By Heide Brandes | Photography provided

Residential fires account for 90 percent of all childhood burn deaths, and in many states, more children die in residential fires than as motor vehicle occupants or pedestrians.

The majority of fire-related deaths are due to the poisoning effects of smoke inhalation and asphyxiation, not the burn itself. Smoke alarms are an effective, inexpensive means of providing early warning of fire and are 50 to 80 percent effective at preventing death or injury.

While more than 90 percent of U.S. homes have a smoke alarm, as many as 25 to 34 percent of these alarms may be not functioning properly.

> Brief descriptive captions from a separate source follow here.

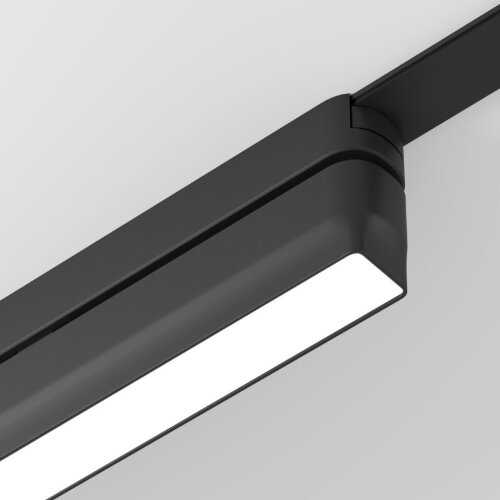 DK5333-BK Светильник для трека Air, серия Linear 4000 со светодиодом, L230*W26*H60мм, 48V DC, 9W, RA?90, 120°, 4000K, IP20, черный, алюминий. Фото 3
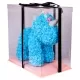 Unicornio Azul de Rosas goma EVA 40cm con caja de regalo original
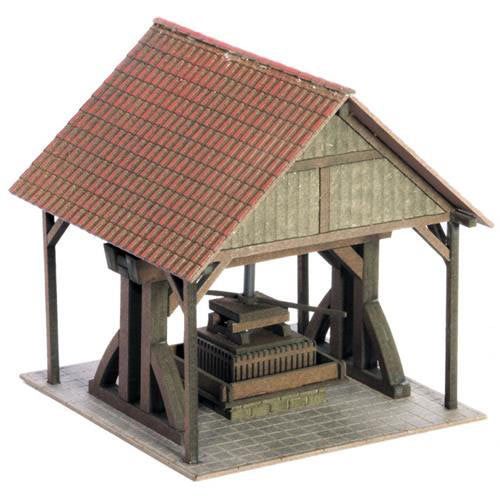 NOCH Wine Press Laser Cut Minis Kit HO Gauge Scenics 14370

The lack of functional smoke alarms in residential dwellings is a risk factor for residential fire-related injury or death. An estimated 80 percent of fire-related deaths occur in homes without working smoke alarms, according to a report by The Future of Children.

The Oklahoma City Fire Department is looking to change those fatal facts with a program that provides free smoke detectors and installation to residents in the Oklahoma City area.

Project Life

The Oklahoma City Fire Department Project Life Smoke Alarm Program is designed to provide and install smoke alarms for residents of Oklahoma City who cannot afford a smoke alarm or who are physically unable to install one.

The smoke alarms come with a sealed, 10-year lithium battery and should be installed in every bedroom, hallway and living area.

“Even if a resident simply needs a new battery for the smoke alarm, the fire department will deliver and install it as well,” said Benny Fulkerson, battalion chief and public information officer for OKCFD.

In an effort to encourage all Oklahoma City residents to have working smoke alarms, the Oklahoma City Council approved in December a new ordinance that requires every one- or two-family residence to have a working smoke alarm.

The new ordinance implements the same requirements for existing homes as those for construction of new homes and all multifamily housing structures.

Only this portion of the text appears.